Dans le rapport de 14 pages, les trois principales personnes visées par le «manque de diligence», la «mauvaise gestion » et « des actes répréhensibles » pour accélérer la démarche du projet d’agrandissement du parc industriel sont le maire François Veilleux, le directeur général, Serge Vallée, et le directeur de l'urbanisme de l'époque, Richard Longchamps.
Agrandissement du parc industriel
Nous reproduisons ici de larges extraits du rapport d'enquête (en italique):
L’enquête révèle qu’à la suite des inondations printanières de 2019, la Ville a mis en branle un projet d’agrandissement de son parc industriel. (...) Comme plusieurs entreprises exerçant leurs activités dans le secteur inondé ont été relocalisées dans le parc industriel et vu la forte demande provenant d’autres entreprises, les espaces vacants se sont faits rares, et il s’avérait primordial pour la Ville d’offrir une alternative aux entreprises et d’avoir des terrains disponibles pour les accueillir. Dans cet objectif, le 2 décembre 2019, le conseil de ville adopte une résolution demandant à la Municipalité régionale de comté (MRC) de Robert-Cliche (devenue la MRC de Beauce-Centre) de modifier son schéma d’aménagement et de développement, notamment pour lui permettre d’agrandir le périmètre d’urbanisation à des fins industrielles.
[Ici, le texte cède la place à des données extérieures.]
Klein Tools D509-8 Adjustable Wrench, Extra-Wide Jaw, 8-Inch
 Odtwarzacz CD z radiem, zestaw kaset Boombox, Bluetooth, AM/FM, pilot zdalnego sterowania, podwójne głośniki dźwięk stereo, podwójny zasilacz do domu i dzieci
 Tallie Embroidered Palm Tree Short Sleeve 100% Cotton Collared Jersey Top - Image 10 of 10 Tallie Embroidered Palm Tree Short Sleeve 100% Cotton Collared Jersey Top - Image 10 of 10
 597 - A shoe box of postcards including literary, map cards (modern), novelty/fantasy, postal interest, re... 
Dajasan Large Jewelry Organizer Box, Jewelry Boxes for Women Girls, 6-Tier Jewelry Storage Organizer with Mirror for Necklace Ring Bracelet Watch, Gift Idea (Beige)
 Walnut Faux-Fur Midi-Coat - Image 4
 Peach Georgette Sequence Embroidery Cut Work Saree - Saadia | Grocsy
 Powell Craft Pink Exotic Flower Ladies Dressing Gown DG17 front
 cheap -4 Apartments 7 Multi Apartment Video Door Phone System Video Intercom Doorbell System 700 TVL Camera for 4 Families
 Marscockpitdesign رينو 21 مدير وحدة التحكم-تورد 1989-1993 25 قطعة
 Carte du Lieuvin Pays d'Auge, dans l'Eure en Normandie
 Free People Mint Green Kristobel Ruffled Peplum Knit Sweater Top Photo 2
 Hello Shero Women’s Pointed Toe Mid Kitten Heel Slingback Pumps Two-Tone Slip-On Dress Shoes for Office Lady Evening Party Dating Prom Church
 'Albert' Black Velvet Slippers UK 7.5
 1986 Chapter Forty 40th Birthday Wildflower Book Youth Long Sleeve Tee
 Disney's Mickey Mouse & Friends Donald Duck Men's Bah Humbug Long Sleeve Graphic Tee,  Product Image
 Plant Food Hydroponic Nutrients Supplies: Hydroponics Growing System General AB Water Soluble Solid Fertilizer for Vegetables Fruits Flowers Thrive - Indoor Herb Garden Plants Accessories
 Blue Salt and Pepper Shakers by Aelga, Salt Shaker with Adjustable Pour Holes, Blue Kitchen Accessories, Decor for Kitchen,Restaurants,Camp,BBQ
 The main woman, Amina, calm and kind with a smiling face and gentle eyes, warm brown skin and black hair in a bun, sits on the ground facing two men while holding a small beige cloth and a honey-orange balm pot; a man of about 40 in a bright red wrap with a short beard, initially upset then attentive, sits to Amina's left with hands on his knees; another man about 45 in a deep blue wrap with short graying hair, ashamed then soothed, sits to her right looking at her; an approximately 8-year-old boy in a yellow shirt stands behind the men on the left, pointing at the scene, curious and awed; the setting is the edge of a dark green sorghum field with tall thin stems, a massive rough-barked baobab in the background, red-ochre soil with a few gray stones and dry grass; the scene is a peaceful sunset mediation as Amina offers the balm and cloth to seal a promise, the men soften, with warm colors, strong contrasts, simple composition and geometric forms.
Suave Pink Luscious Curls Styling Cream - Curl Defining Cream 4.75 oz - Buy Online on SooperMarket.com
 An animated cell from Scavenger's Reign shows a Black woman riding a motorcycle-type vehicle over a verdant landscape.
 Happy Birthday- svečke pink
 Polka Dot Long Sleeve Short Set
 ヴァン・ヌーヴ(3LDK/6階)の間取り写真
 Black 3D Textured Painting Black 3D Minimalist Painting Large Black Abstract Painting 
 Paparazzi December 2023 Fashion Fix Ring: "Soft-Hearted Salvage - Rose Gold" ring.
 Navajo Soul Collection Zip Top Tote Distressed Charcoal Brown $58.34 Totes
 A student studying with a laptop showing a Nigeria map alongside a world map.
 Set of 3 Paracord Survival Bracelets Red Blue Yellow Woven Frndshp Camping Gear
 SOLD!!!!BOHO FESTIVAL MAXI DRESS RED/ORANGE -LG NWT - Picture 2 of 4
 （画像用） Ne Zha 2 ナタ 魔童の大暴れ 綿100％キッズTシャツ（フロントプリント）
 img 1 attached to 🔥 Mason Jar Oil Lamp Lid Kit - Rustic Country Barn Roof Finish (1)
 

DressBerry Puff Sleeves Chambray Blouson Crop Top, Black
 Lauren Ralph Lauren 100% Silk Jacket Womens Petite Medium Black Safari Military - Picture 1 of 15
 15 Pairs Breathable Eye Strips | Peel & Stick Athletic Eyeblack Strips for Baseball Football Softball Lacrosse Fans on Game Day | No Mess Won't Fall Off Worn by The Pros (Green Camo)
Considérant que les terrains concernés par l’agrandissement du parc industriel appartiennent à des tiers et qu’ils sont situés en zone agricole protégée par la Loi sur la protection du territoire et des activités agricoles , en janvier 2020, des représentants de la Ville, dont le maire, sont informés par le consultant des étapes préalables à suivre en vue de leur acquisition:
- Identification d’espaces disponibles hors de la zone agricole;
- Identification des milieux humides et évaluation de leurs répercussions financières; - Présentation au comité consultatif agricole et approbation;
- Demande d’exclusion de la zone agricole à la Commission de protection du territoire agricole du Québec (CPTAQ);
- Modification du schéma d’aménagement de la MRC;
- Modification des règlements d’urbanisme;
- Mise en œuvre du projet d’aménagement du parc (lotissement), acquisition des terrains, etc.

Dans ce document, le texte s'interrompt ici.